* Task directions *
Starting from the line containing "グレイスハイツ新寺の内装", give again every line through the end of the entries, word for word. Pictures stay out of the copy.

* Supplied records *

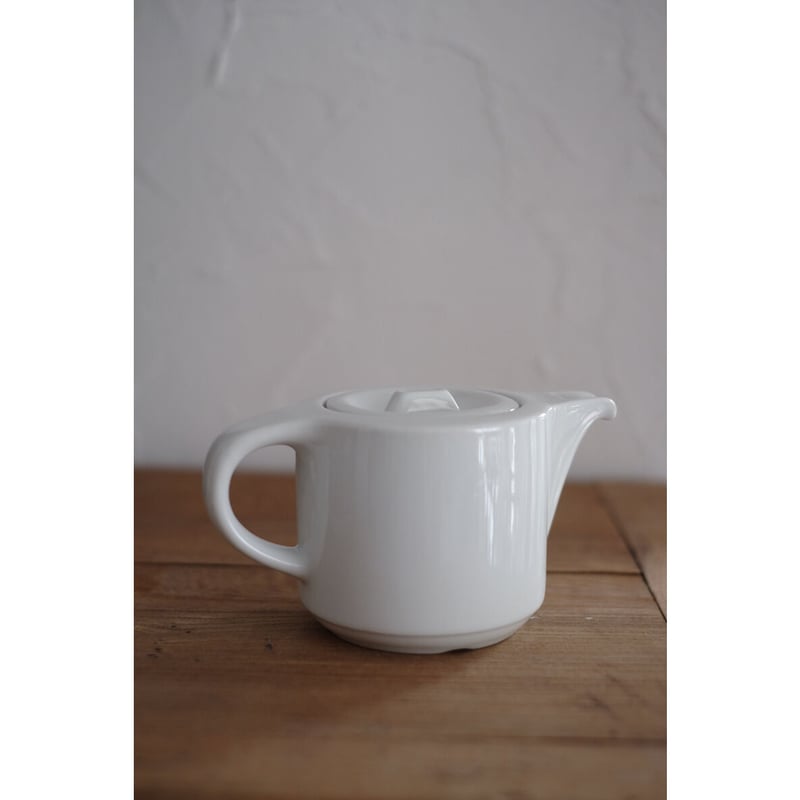 【PILLIVUYT】ピリヴィッツ ホットチョコレートポット PILLIVUYT】ピリヴィッツ ホットチョコレートポット PILLIVUYT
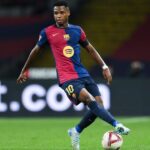 El futuro del delantero del Barcelona: ¿más oportunidades en 2025?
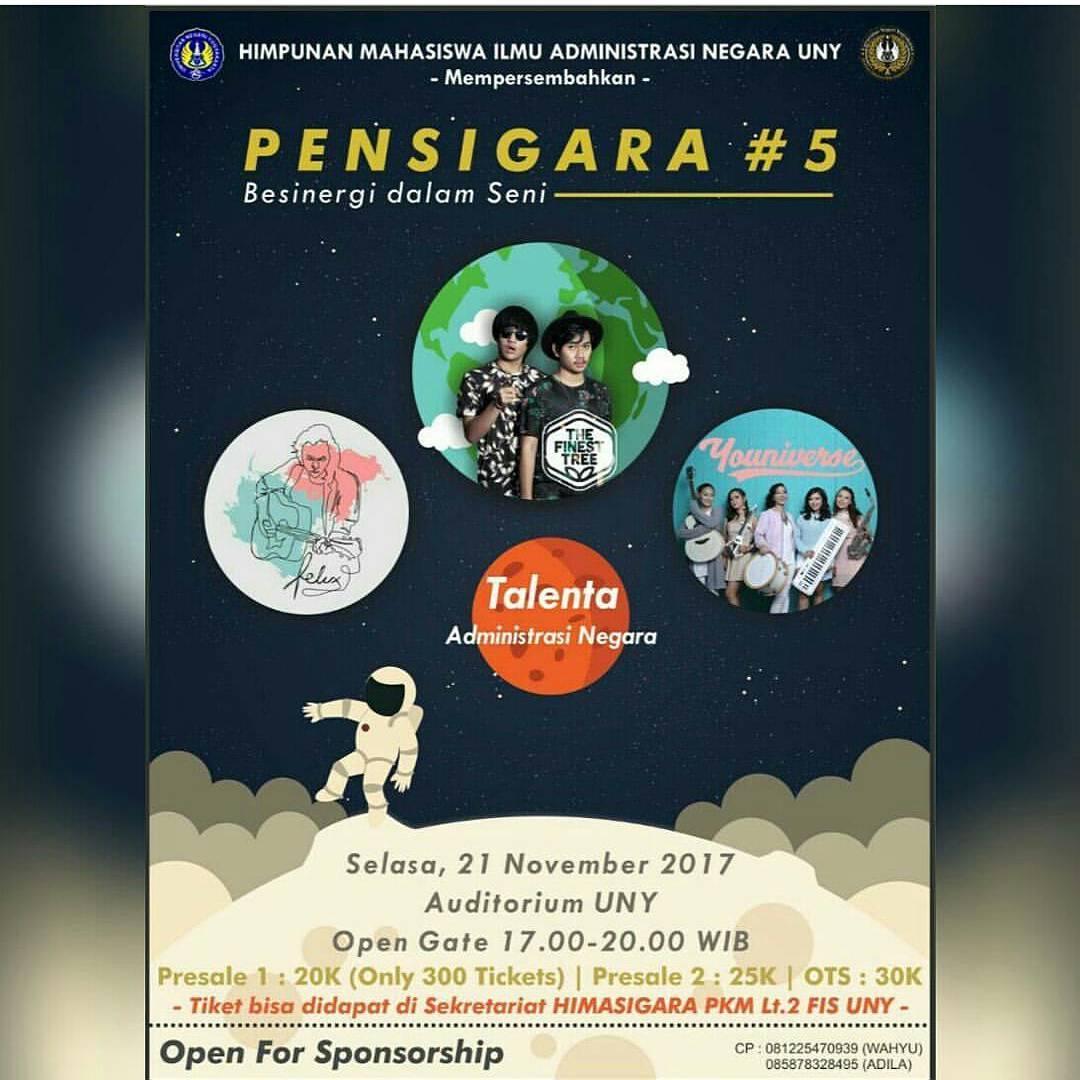 felixirwans's tweet photo. PENSIGARA #5 KEMBALI BERTEMU KAWAN DI GOR UNY 21 Nov 2017 https://t.co/aO4Vb2bb8g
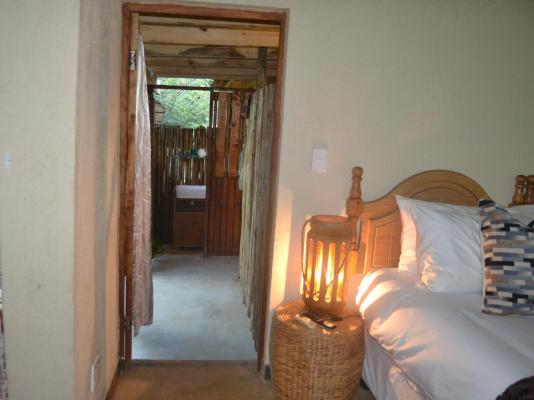 Lulani Bush Retreat - 165586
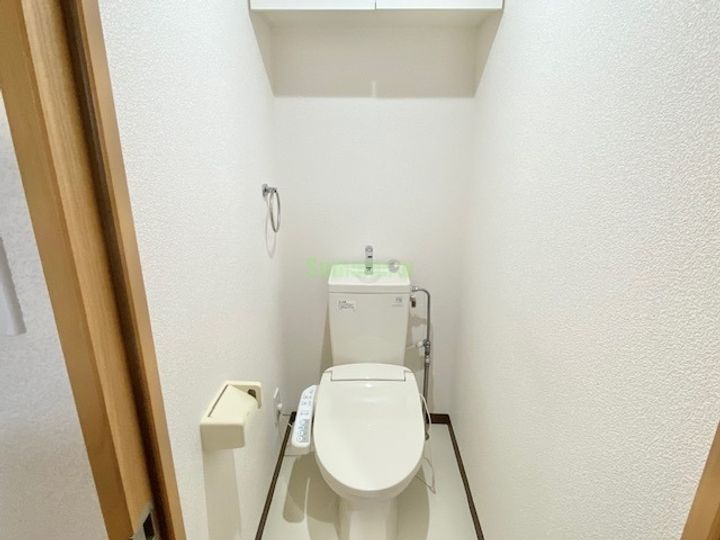 グレイスハイツ新寺の内装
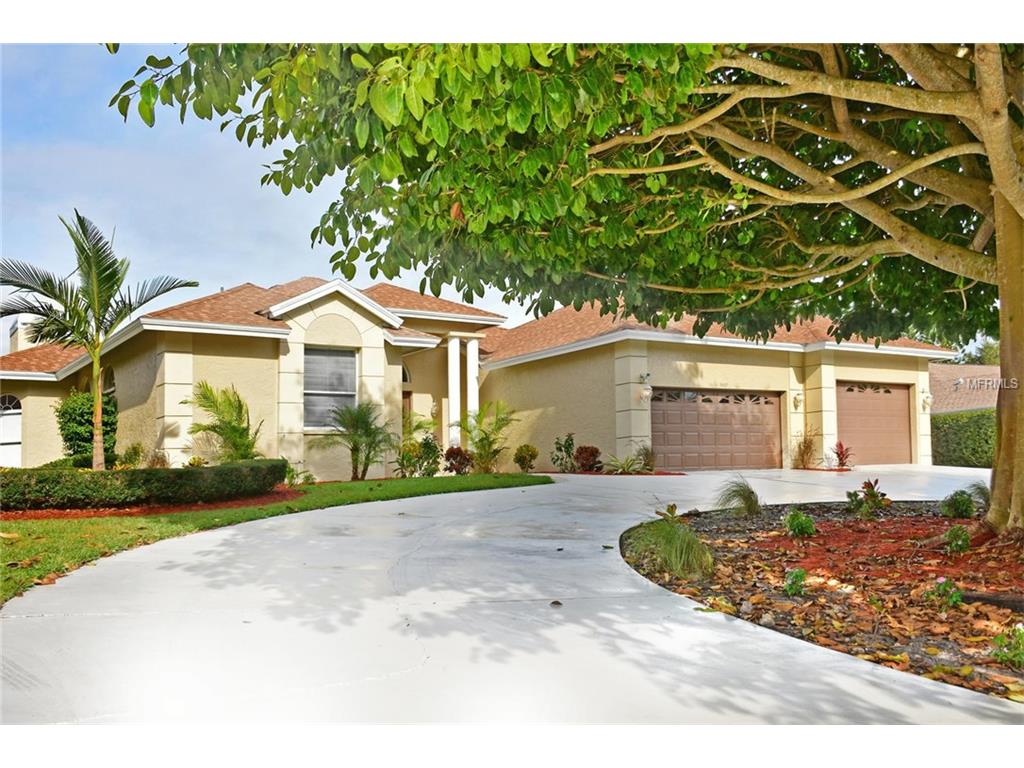 3409 Wilderness Blvd E, Parrish, FL 34219 photo 1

* Expected answer *
 グレイスハイツ新寺の内装
 3409 Wilderness Blvd E, Parrish, FL 34219 photo 1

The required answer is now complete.